**Excerpted data**.
++++

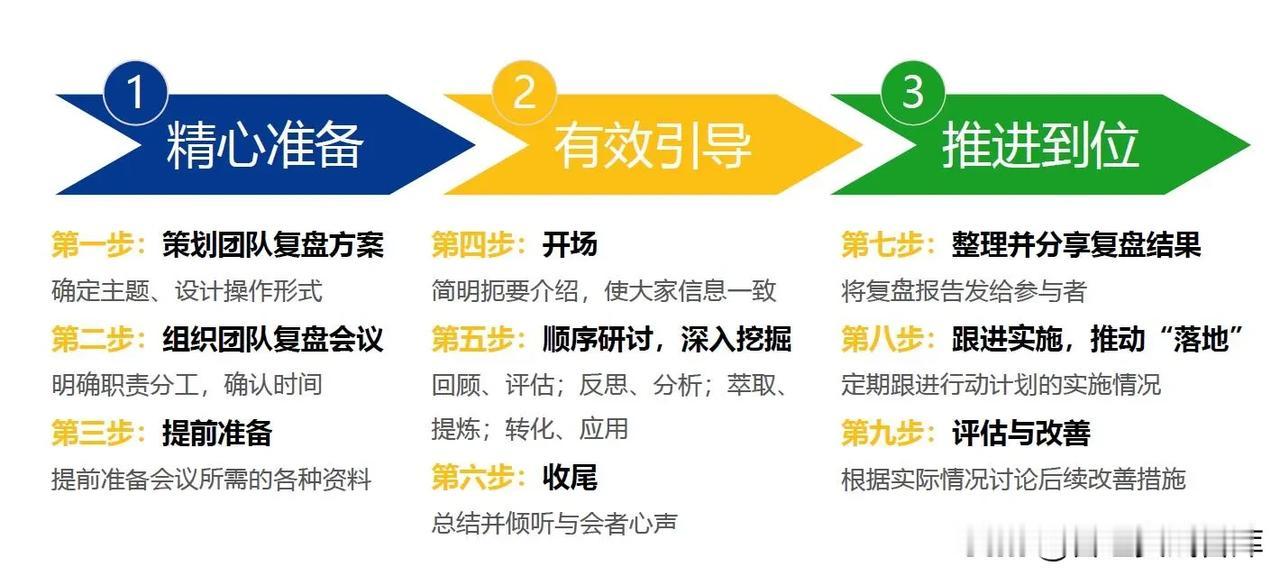 如何复盘？团队复盘引导的“三阶九步法”
1、精心准备
第一步：策划团队复盘方案，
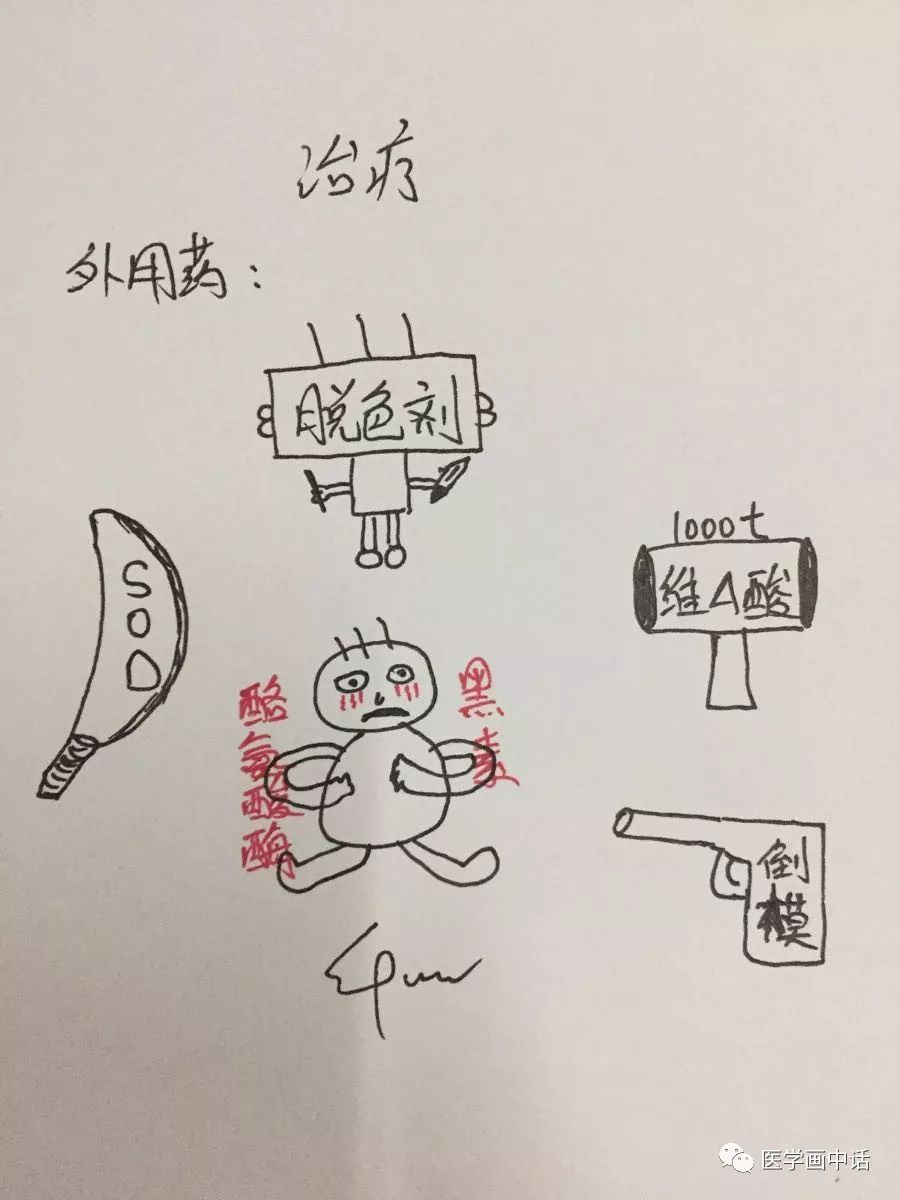 面部*褐斑黄**的诊断及治疗简析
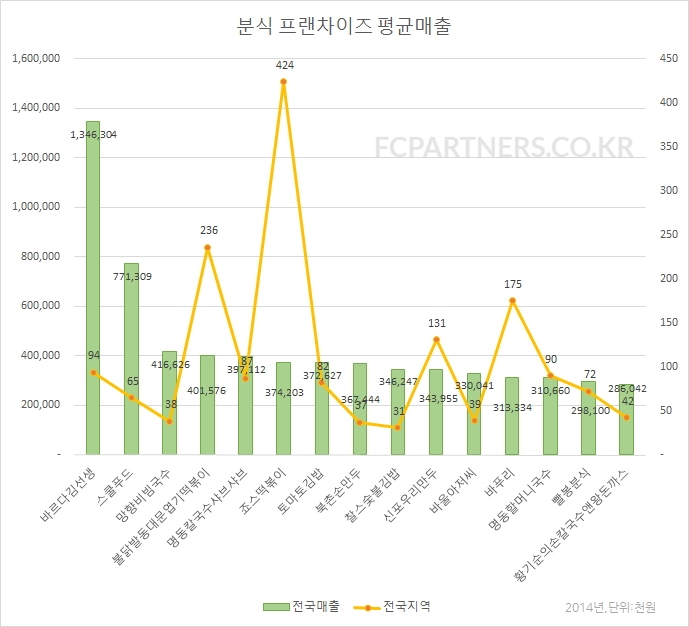 공씨네손만두 이미지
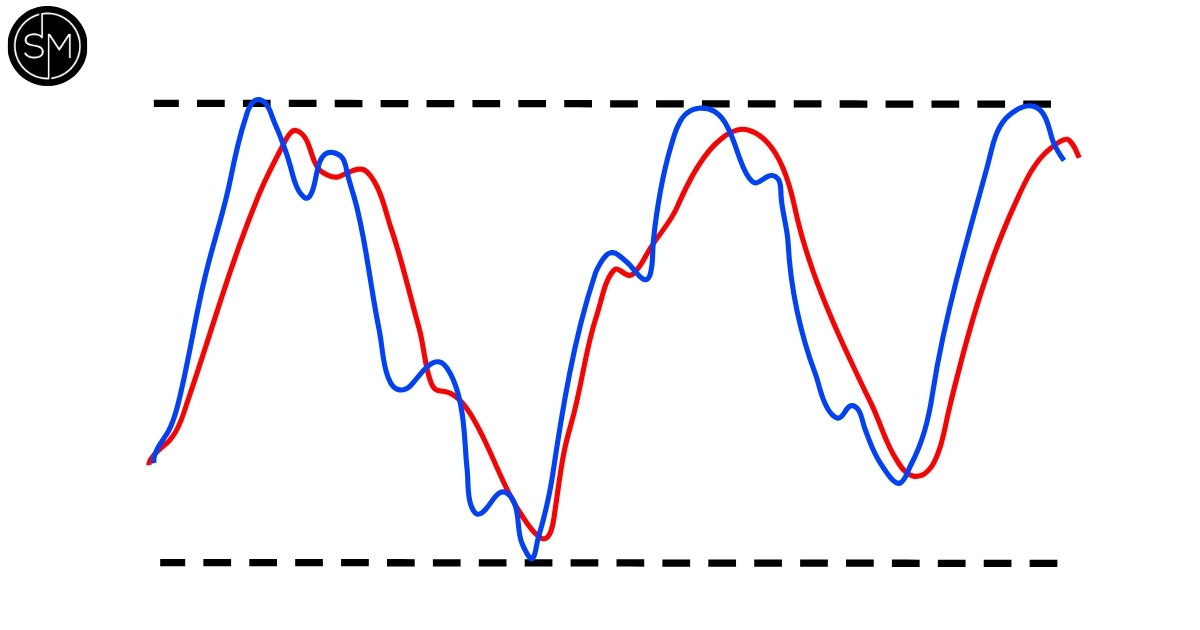 Illustration of two moving-average-style lines inside a range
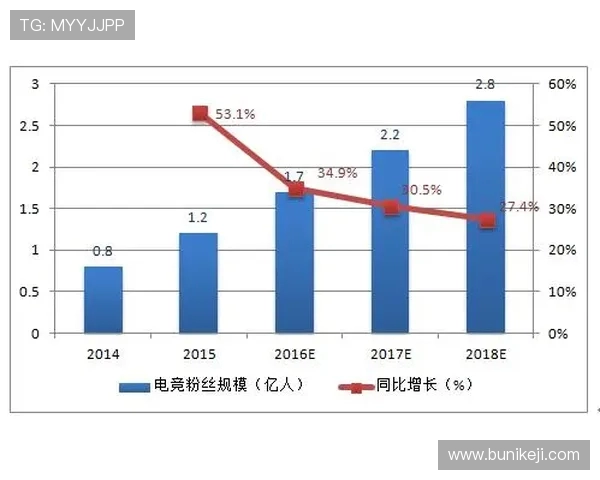全球电子竞技生态变革与未来产业发展新趋势深度研究报告综合分析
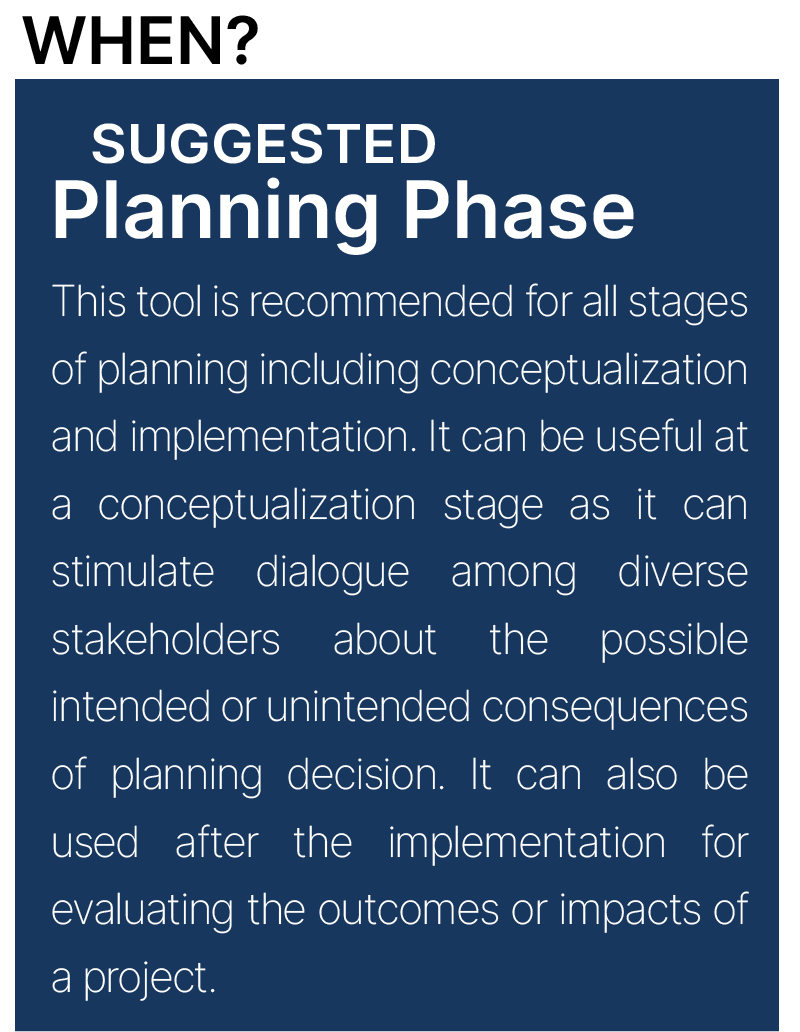 Suggested planning phase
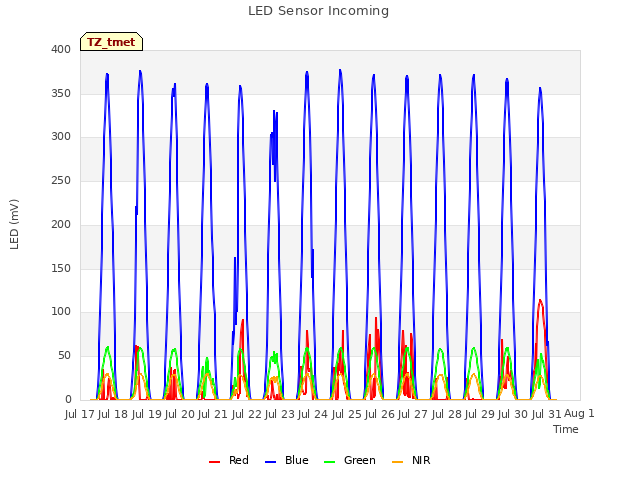 plot of LED Sensor Incoming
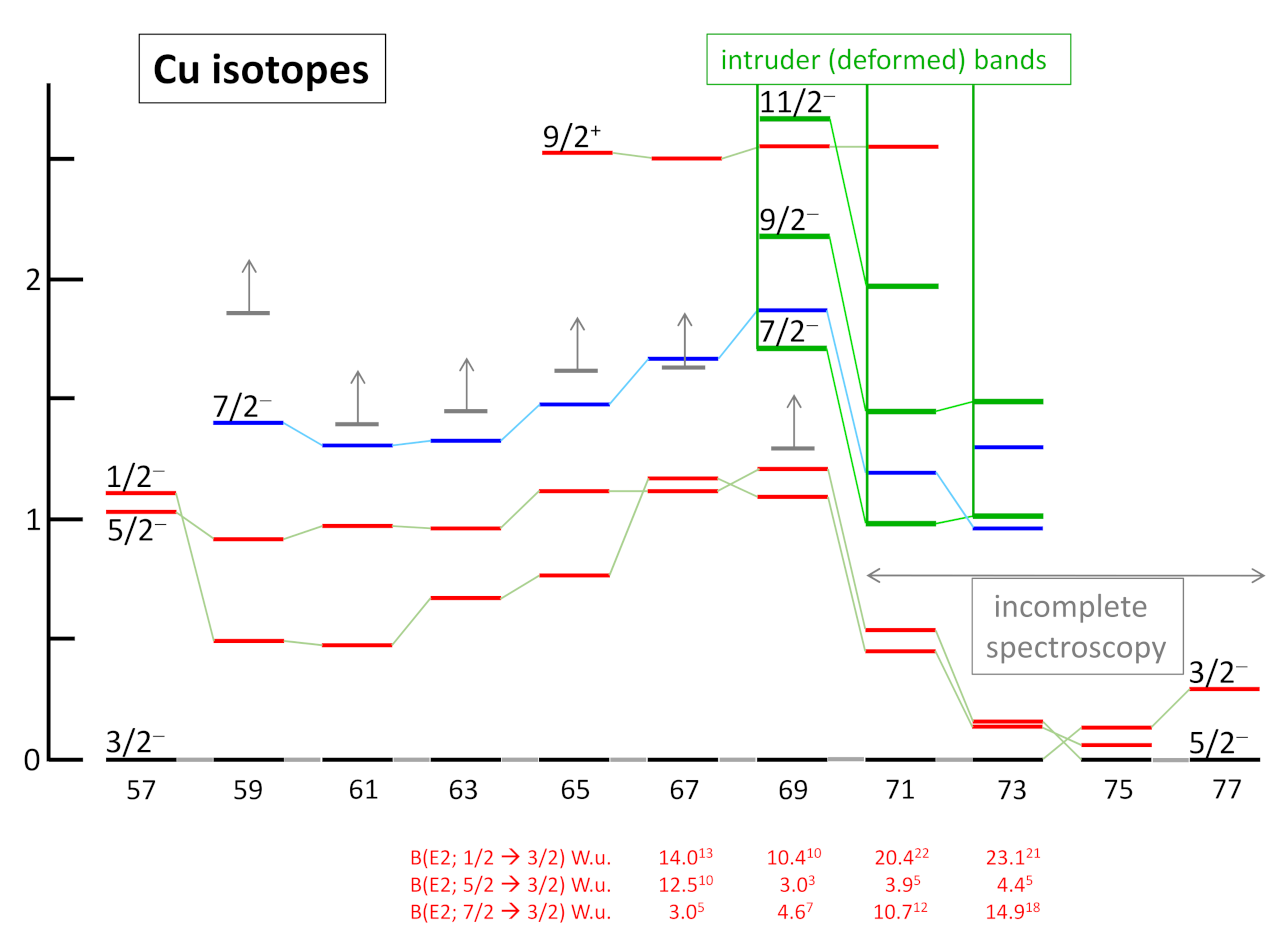 Physics 04 00048 g048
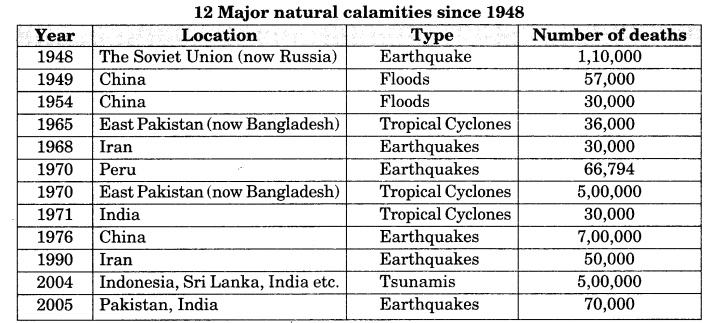 Class 11 Geography Notes Chapter 7 Natural Hazards and Disasters 2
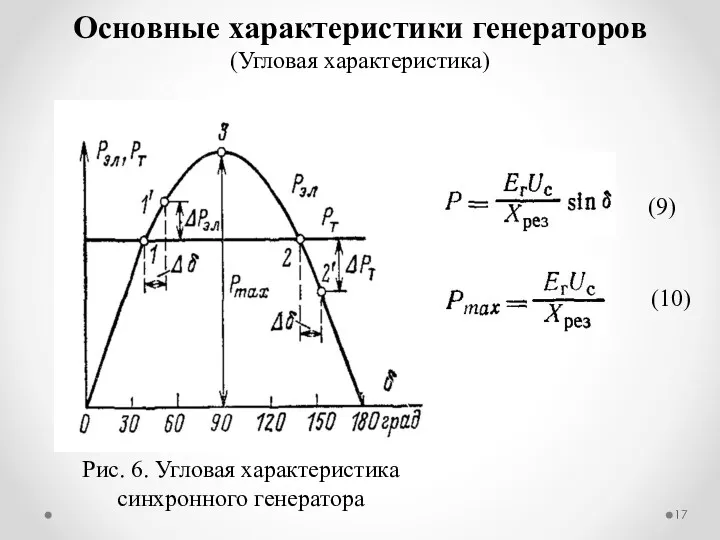 Основные характеристики генераторов (Угловая характеристика) Рис. 6. Угловая характеристика синхронного генератора (9) (10)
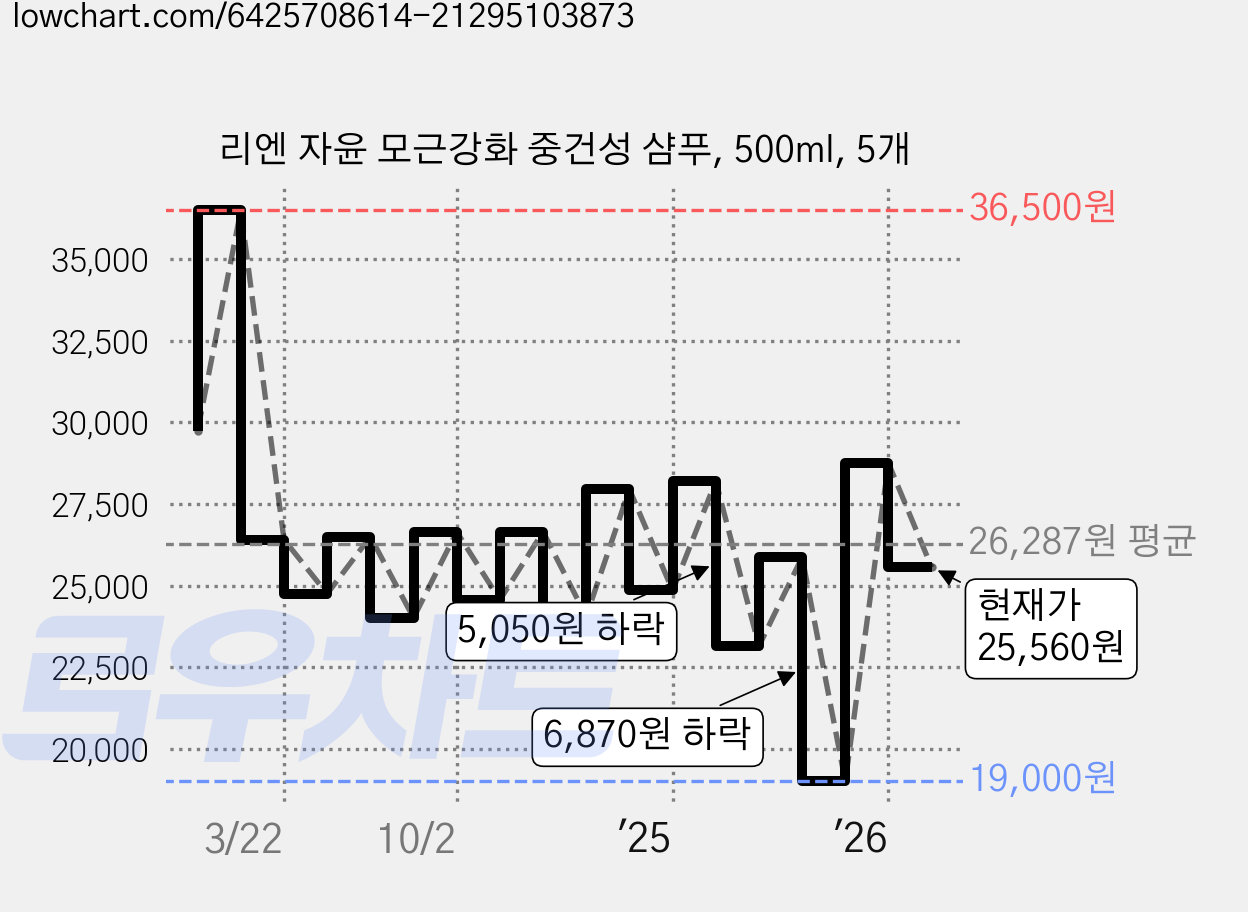 리엔 자윤 모근강화 중건성 샴푸, 500ml, 5개 가격 변동 차트, 현재가 25,560원, 관측 최저가 19,000원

++++

**What to do**. Pictures do not belong in the copy. Please reproduce the entries above exactly otherwise.

**Reply to the task**.
 如何复盘？团队复盘引导的“三阶九步法”
1、精心准备
第一步：策划团队复盘方案，
 面部*褐斑黄**的诊断及治疗简析
 공씨네손만두 이미지
 Illustration of two moving-average-style lines inside a range
全球电子竞技生态变革与未来产业发展新趋势深度研究报告综合分析
 Suggested planning phase
 plot of LED Sensor Incoming
 Physics 04 00048 g048
 Class 11 Geography Notes Chapter 7 Natural Hazards and Disasters 2
 Основные характеристики генераторов (Угловая характеристика) Рис. 6. Угловая характеристика синхронного генератора (9) (10)
 리엔 자윤 모근강화 중건성 샴푸, 500ml, 5개 가격 변동 차트, 현재가 25,560원, 관측 최저가 19,000원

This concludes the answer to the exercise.